If the Company undergoes a fundamental change prior to the maturity date, subject to certain conditions, holders may require the Company to repurchase for cash all or any portion of their Convertible Notes. The fundamental change repurchase price will be equal to 100% of the principal amount of the Convertible Notes to be repurchased, plus accrued and unpaid interest to, but excluding, the fundamental change repurchase date.
The Convertible Notes are the Company’s senior unsecured obligations and rank senior in right of payment to all of the Company’s indebtedness that is expressly subordinated in right of payment to the Convertible Notes; equal in right of payment with all existing and future
15
liabilities of the Company that are not so subordinated; effectively junior to any of secured indebtedness of the Company to the extent of the value of the assets securing such indebtedness; and structurally junior to all indebtedness and other liabilities (including trade payables) and any preferred equity of the Company’s current or future subsidiaries.
The net proceeds from the issuance of the Convertible Notes were approximately $194,945, after deducting debt issuance costs. The total debt issuance costs incurred and recorded by the Company amounted to $6,304, which were recorded as a reduction to the face amount of the Convertible Notes and are being amortized to interest expense using the effective interest method over the contractual term of the Convertible Notes. The Convertible Notes are recorded as a liability within convertible senior notes, non-current.

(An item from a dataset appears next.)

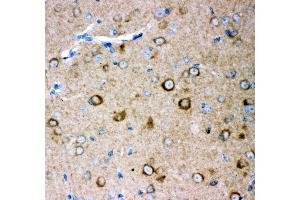 Anti- GRIA2 antibody, IHC(P) IHC(P): Mouse Brain Tissue (GRIA2 抗体  (AA 25-360))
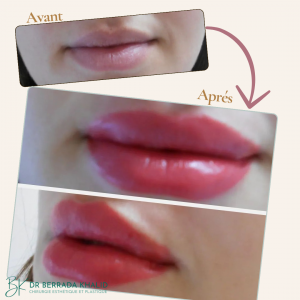 Accueil 20 Dr Berrada Khalid - Chirurgien esthétique et plastique à Fès 3 Accueil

For the three and nine months ended September 30, 2023, interest expense related to the Convertible Notes and amortization of the issuance costs was $836 and $2,503, respectively. For the three and nine months ended September 30, 2022, interest expense related to the Convertible Notes and amortization of the issuance costs was $1,183 and $3,544, respectively. The effective annual interest rate for the three and nine months ended September 30, 2023 and the three and nine months ended September 30, 2022 was approximately 2.42%. As of September 30, 2023, the if-converted value of the Convertible Notes did not exceed the outstanding principal amount. As of September 30, 2023, the total estimated fair value of the Convertible Notes was $50,638, which was determined based on a market approach using actual bids and offers of the Convertible Notes in an over-the-counter market during the period. The Company considers these assumptions to be Level 2 inputs in accordance with the fair value hierarchy described in Note 6.
Capped Calls
In connection with the pricing of the Convertible Notes, with the full exercise by the initial purchasers of their option to purchase additional Convertible Notes in November 2021, the Company used approximately $18,616 of the net proceeds from the issuance of the Convertible Notes to enter into privately negotiated capped call transactions, which are referred to as the capped calls, with various financial institutions.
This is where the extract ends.